Figure 3: 3D hand pose outputs from WiLoR and SAM 3D Body, highlighting underestimation of finger articulation in WiLoR during transport.
Selection of SAM 3D Body is further justified by its superior or competitive performance on established 3D pose benchmarks, validating its architecture choice for robust movement quality quantification.
World-Aligned Joint Angle Embedding and Movement Clustering
Leveraging the robust, world-aligned joint angle extraction, the authors aggregate 136 BBT recordings (healthy: 48, post-stroke: 7) and encode per-frame finger, arm, and trunk angles. Unsupervised dimensionality reduction via PCA (for finger joints, preserving >90% variance with 9 PCs) and subsequent UMAP projection enable visualization and analysis of the high-dimensional posture space.


Figure 4: UMAP embeddings of joint angles derived from healthy subject frames.

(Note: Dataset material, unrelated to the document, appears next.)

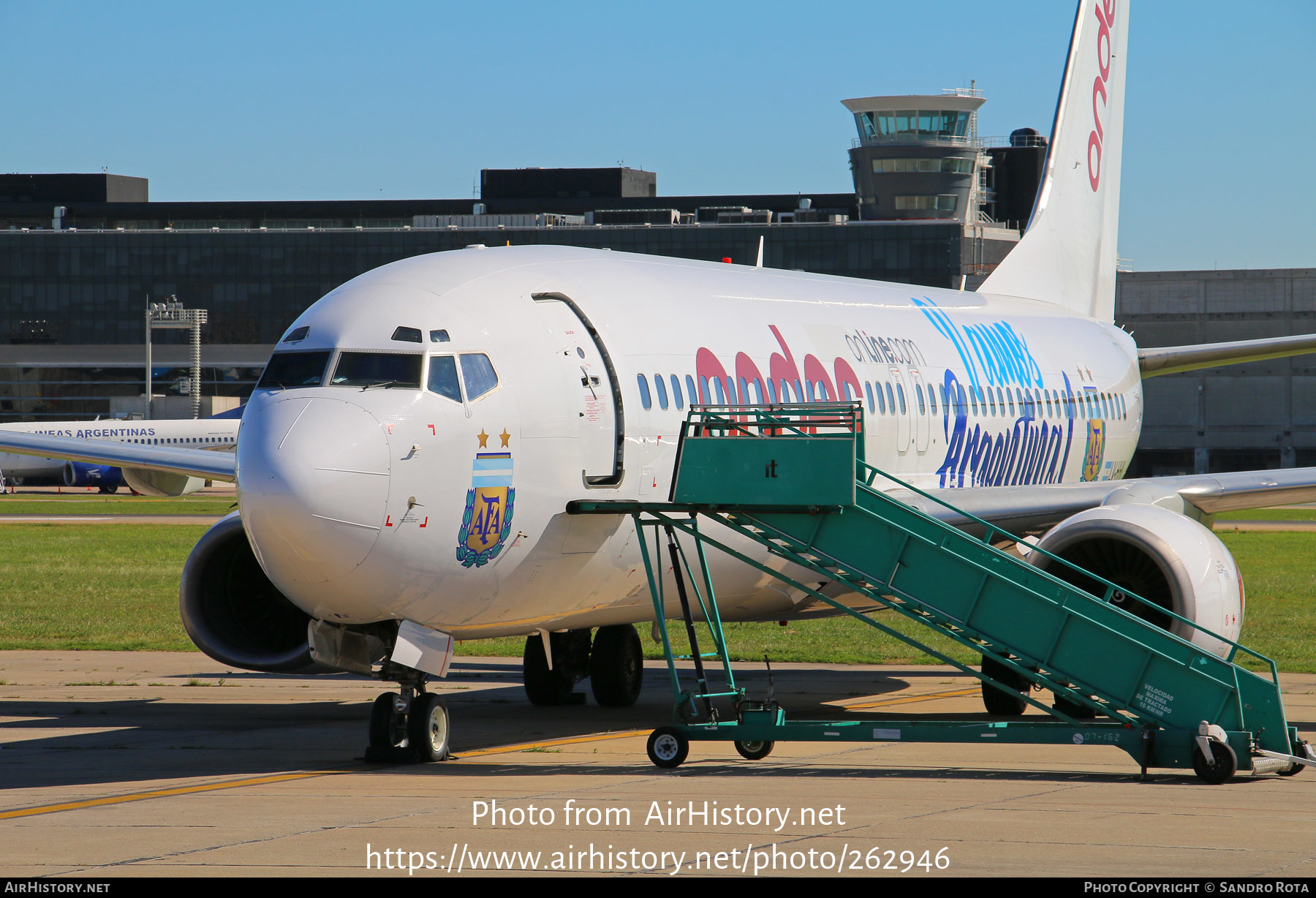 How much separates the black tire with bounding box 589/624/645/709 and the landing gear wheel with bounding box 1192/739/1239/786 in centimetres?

The resultant embeddings unequivocally separate healthy participants from those post-stroke, as well as differentiate postural compensation patterns across more-impaired and less-impaired sides within the same individual. Notably, individuals with identical BBT block counts, and thus indistinguishable test scores, exhibit distinct clusters in joint angle space, indicating divergent compensatory strategies and residual impairment.

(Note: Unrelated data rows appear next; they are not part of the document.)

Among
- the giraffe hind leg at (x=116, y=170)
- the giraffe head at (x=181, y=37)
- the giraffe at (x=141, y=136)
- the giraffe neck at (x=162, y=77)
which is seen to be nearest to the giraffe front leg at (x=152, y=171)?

These findings are underscored by quantitative scoring: the mean Euclidean distance in the joint-angle PCA feature space (relative to healthy distribution) is consistently higher for post-stroke participants, with additional stratification by impairment side. This suggests that the proposed pipeline detects subtle, clinically relevant variation in movement quality beyond what is captured in coarse summary scoring metrics.
Practical Implications and Theoretical Insights
By integrating camera-agnostic world-alignment and advanced monocular pose estimation, this method provides a non-intrusive, scalable augmentation to established clinical assessments. The reliance on only consumer-grade video acquisition supports deployment in routine clinical settings, home assessments, or resource-limited environments. Importantly, the extracted biomechanical parameters supply orthogonal information to speed-based metrics, supporting fine-grained monitoring of recovery trajectories, compensatory behavior emergence, and rehabilitation efficacy.
Theoretically, the separation of movement phenotypes in the unsupervised joint-angle embedding space motivates future work on outcome prediction, patient sub-group discovery, and individualized intervention optimization using richer, pose-derived representations. The observed limitations—primarily small N for post-stroke and absence of temporal feature analysis—suggest expansion to full-sequence modeling (e.g., with temporal graph networks) and multi-task learning with additional clinical labels.
Limitations
The core limitations include the modest sample size for the pathological cohort, a lack of temporal modeling (all analyses conducted frame-wise), and the open challenge of robust monocular articulated hand pose estimation in occluded, out-of-distribution poses. Furthermore, inherent dataset bias (e.g., healthy training populations for foundation models) constrains generalizability. Efforts to address these by expanding the dataset, integrating temporal dynamics, and refining hand estimation algorithms are warranted.
Conclusion
This work demonstrates that world-aligned, monocular 3D joint angle estimation via computer vision not only provides a camera- and orientation-invariant quantification of UE posture during the Box and Block Test but also exposes movement quality distinctions and compensatory motor strategies overlooked by standard BBT scores. The approach is extensible to other clinical tasks and populations and positions CV-based anatomical analysis as a viable augmentation for objective, fine-grained stroke rehabilitation evaluation and monitoring.